Items listed in a dataset:
----------------
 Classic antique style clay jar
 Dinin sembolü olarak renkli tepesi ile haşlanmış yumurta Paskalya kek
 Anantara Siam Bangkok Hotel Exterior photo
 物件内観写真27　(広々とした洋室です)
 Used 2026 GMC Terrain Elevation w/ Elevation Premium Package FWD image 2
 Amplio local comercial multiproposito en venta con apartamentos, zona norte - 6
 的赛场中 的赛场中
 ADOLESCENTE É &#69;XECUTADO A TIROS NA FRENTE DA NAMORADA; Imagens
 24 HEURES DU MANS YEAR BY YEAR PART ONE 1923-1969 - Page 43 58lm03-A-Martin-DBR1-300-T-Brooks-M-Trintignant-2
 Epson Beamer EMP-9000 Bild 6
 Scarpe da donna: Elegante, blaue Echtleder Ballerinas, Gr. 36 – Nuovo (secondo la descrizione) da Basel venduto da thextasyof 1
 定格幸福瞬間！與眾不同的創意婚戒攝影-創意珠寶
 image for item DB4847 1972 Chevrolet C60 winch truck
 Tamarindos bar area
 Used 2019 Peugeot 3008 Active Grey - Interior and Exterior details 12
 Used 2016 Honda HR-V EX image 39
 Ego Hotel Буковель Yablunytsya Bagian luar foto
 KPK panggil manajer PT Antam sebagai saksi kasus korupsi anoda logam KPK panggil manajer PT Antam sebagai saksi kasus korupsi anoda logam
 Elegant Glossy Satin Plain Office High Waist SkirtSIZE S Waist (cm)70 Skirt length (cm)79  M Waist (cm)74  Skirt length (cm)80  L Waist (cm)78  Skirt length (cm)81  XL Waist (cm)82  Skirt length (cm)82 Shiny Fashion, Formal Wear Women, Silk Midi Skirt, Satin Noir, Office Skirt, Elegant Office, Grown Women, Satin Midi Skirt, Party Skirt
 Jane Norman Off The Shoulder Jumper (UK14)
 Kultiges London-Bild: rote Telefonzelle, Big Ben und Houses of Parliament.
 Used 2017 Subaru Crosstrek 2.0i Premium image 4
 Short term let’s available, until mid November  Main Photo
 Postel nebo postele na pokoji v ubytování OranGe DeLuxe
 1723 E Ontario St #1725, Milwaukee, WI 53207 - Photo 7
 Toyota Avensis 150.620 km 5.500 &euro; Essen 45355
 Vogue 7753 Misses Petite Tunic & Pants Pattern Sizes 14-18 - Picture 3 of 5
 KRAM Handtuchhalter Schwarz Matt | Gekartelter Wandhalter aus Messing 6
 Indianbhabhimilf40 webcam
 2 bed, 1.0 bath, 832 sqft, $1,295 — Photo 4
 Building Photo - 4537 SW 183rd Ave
----------------
▶ [Work order]
When the line with "ADOLESCENTE É &#69;XECUTADO" is reached in the data above, begin copying, and stop after the line with "Epson Beamer EMP-9000 Bild 6"; copy each line exactly, both ends included.

▶ [Solution to this problem]
 ADOLESCENTE É &#69;XECUTADO A TIROS NA FRENTE DA NAMORADA; Imagens
 24 HEURES DU MANS YEAR BY YEAR PART ONE 1923-1969 - Page 43 58lm03-A-Martin-DBR1-300-T-Brooks-M-Trintignant-2
 Epson Beamer EMP-9000 Bild 6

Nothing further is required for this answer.